Généralement les économistes expliquent l’inflation comme étant les résultats d’un déséquilibre entre la quantité de monnaie en circulation et la quantité de biens et services réellement disponibles. Les américains parlent de « too many dollar chasing too few goods ». Sa manifestation la plus spectaculaire arrive généralement quand la banque centrale d’un pays se met à imprimer bien plus de billets de banque que ce que l’économie produit réellement en biens et services. C’est ce qui est arrivé au Zimbabwe où la générosité excessive de la banque centrale a conduit le pays à faire l’expérience d’une inflation de 231 000 000 % ! Après cet épisode le pays abandonnera sa « monnaie » pour opter carrément pour le dollar américain.
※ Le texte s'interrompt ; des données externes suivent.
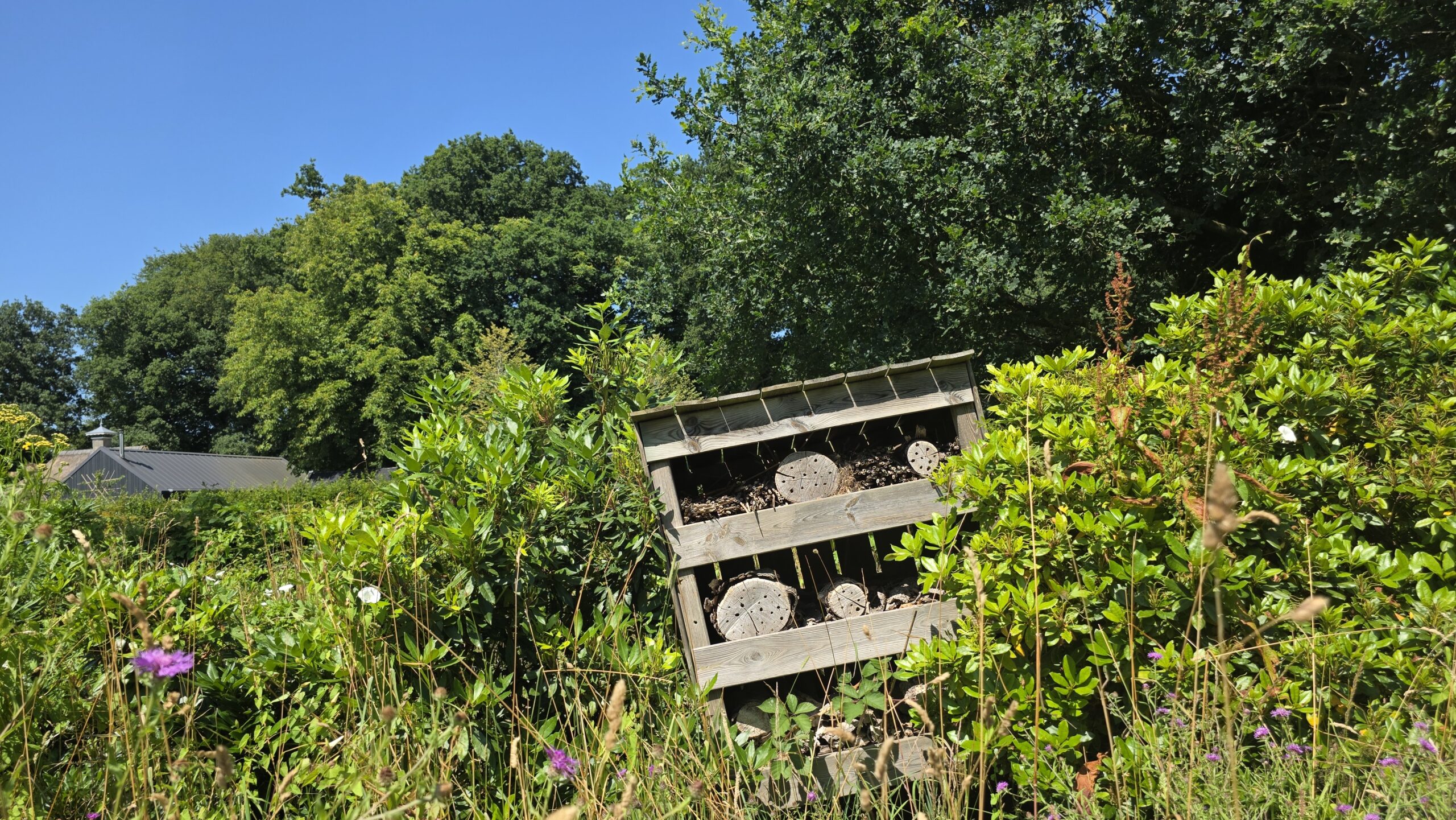 Bijenweide in Oentsjerk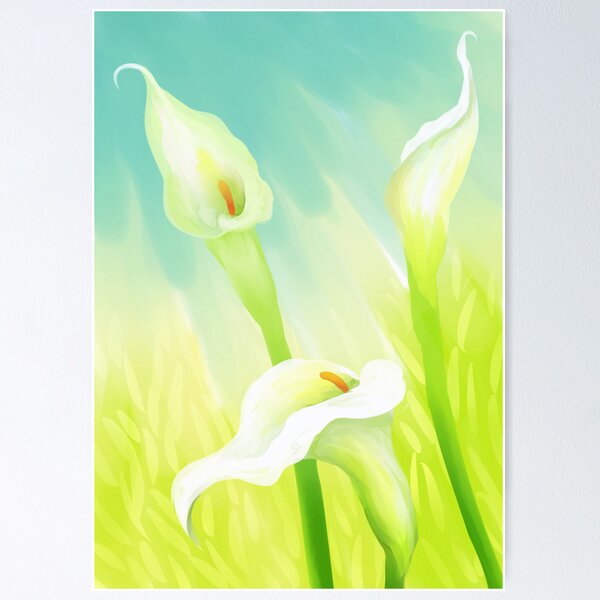 Calla flowers Poster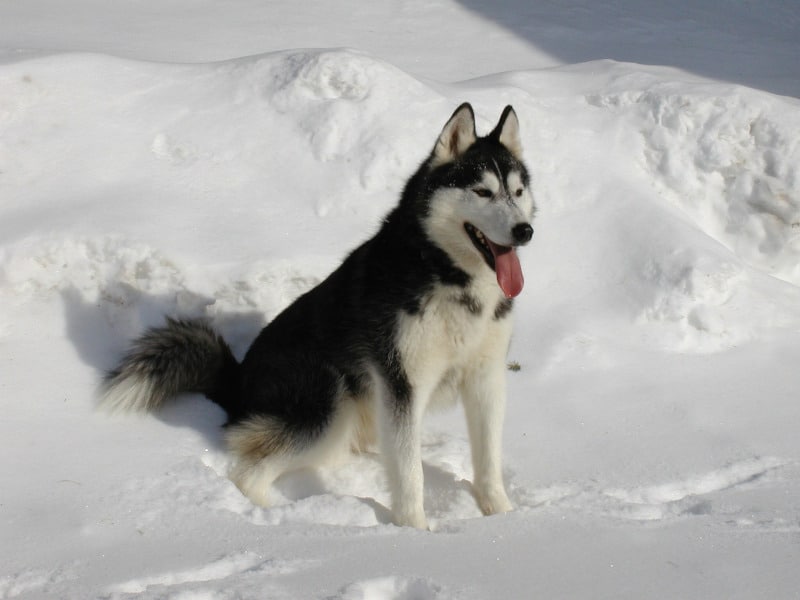 Dog Breeds With High Prey Drive – Siberian Husky in snow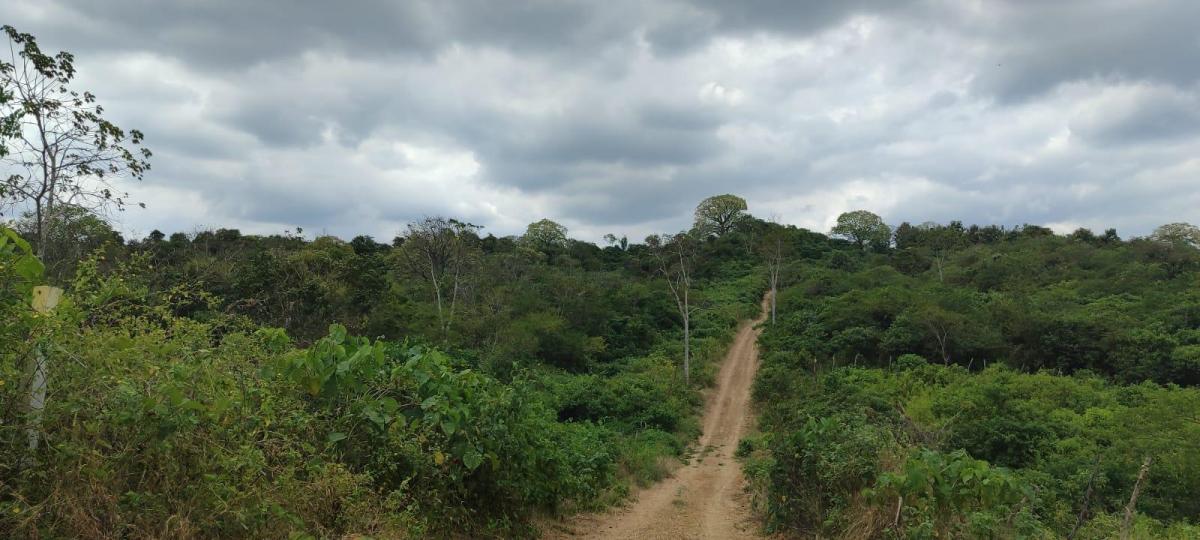 Terreno en Venta en Mamey Bajada Chanduy, Santa Elena, Chrc, Guayas — imagen 5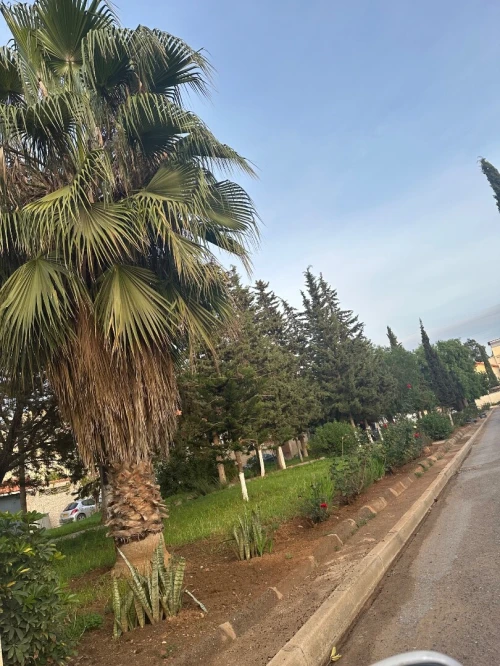 Location Villa Alger Staoueli
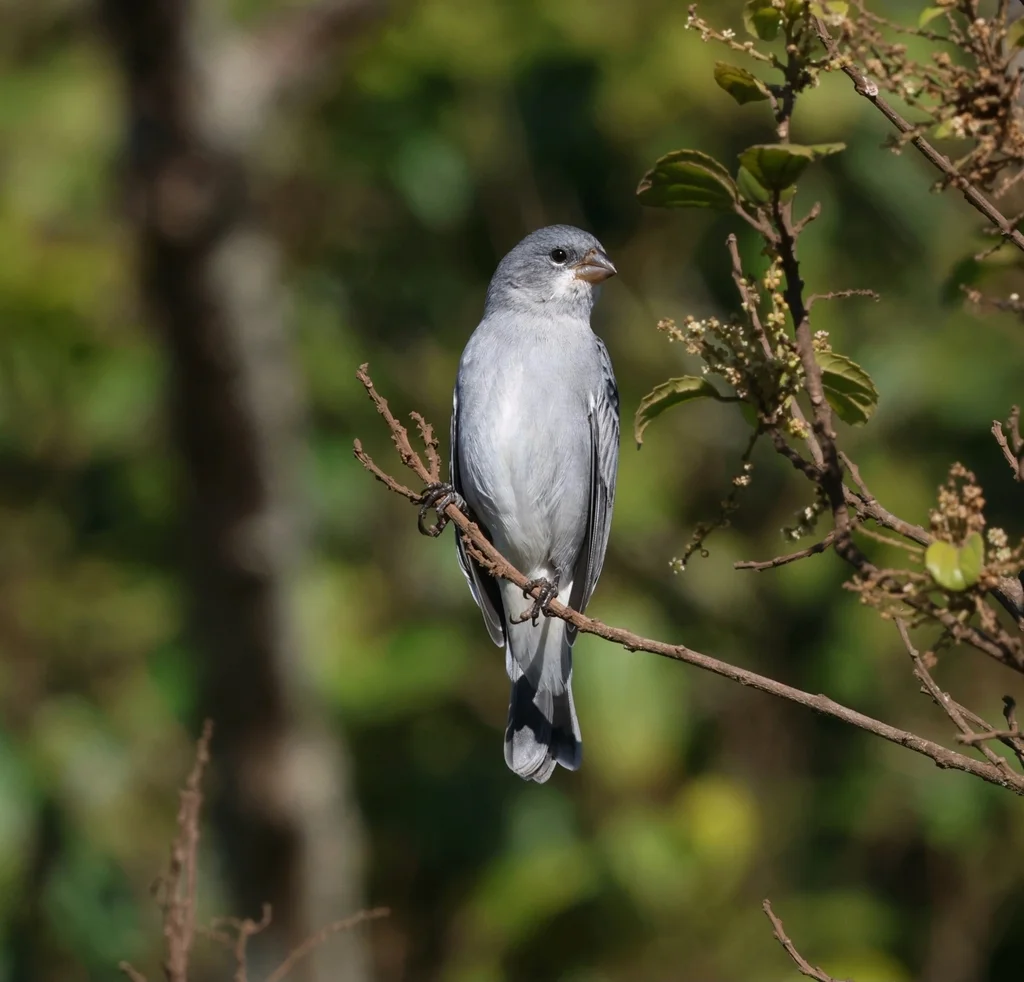铅色食籽雀（Sporophila plumbea）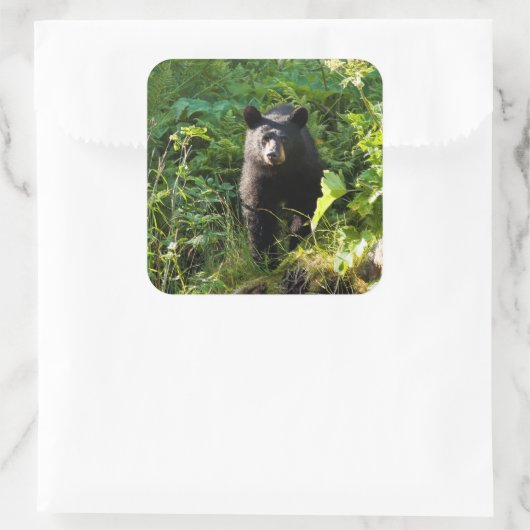 クロクマ スクエアシール (バッグ)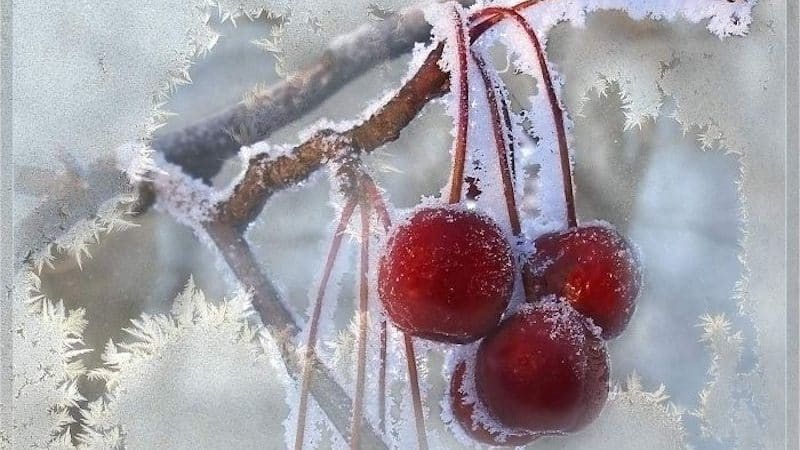 Review of the best winter-hardy cherry varieties and criteria for their selection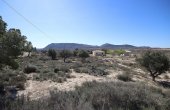 3-5377/1172, Land in Agost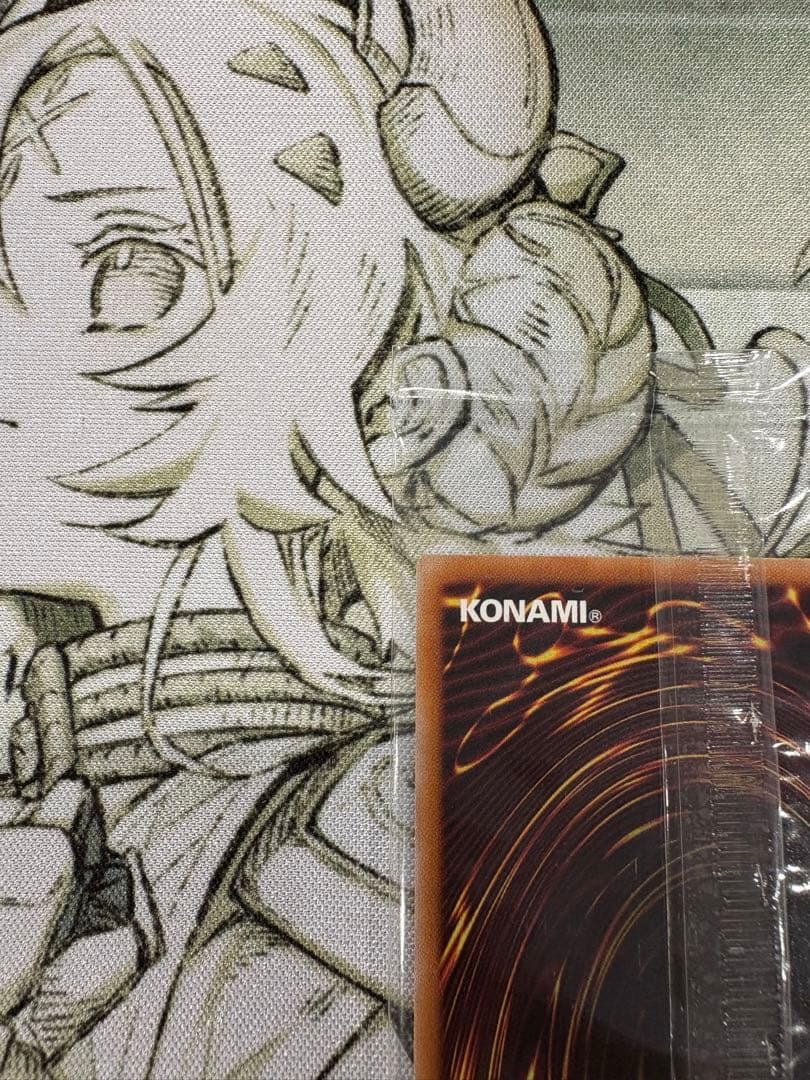 異次元の女戦士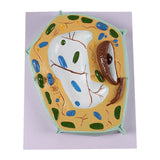 Maxbell Cell Anatomy Model Teaching Birthday Toy Study Classroom Biology Science Kit Plant Cell Model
Mais l’inflation n’est pas le propre des pays s’adonnant à des expériences douteuses avec leurs banques centrales, elle est aussi venue parfois plomber les économies occidentales modernes. C’est ainsi que pour analyser (vulgariser surtout !) les causes de l’inflation qui accable de temps en temps les économies capitalistes, il est intéressant de jeter un coup d’œil à l’histoire des phénomènes inflationnistes expérimentés par le laboratoire mondial du capitalisme que sont les États-Unis. Et depuis 1945, ils ont en connu six. Trois de ces épisodes inflationnistes ont un rapport direct avec des conflits géopolitiques que sont la guerre de Corée (1950), le choc pétrolier (qui fût l’épisode le plus long, l’inflation s’installa alors de 1973 à 1982) et l’invasion du Koweït par l’Irak. Deux furent la cause directe de contextes économiques exceptionnels : de 1969 à 1971, une croissance économique très vigoureuse fait surchauffer la machine pour déboucher sur une hausse des prix. Le deuxième est plus récent et il n’a duré que deux mois : juillet et aout 2008. Il fut causé par une hausse vertigineuse du prix du baril du pétrole qui a atteint les 140 dollars. Des six épisodes inflationnistes, c’est l’inflation précipitée par la fin de la Deuxième Guerre mondiale (1946-1948) qui fait le plus écho à la situation actuelle. En effet, La fin de la guerre a entrainé une levée d’une séries de restrictions et de rationnements en tout genre, qui font alors explosée la Demande, provoquant des ruptures de stock et des déséquilibres des chaines logistiques (ca ne vous évoque rien ?) pour finalement déboucher sur une inflation record atteignant les 20% ! Difficile de ne pas voire le parallèle entre la sortie de la deuxième guerre mondiale et la sortie de la pandémie.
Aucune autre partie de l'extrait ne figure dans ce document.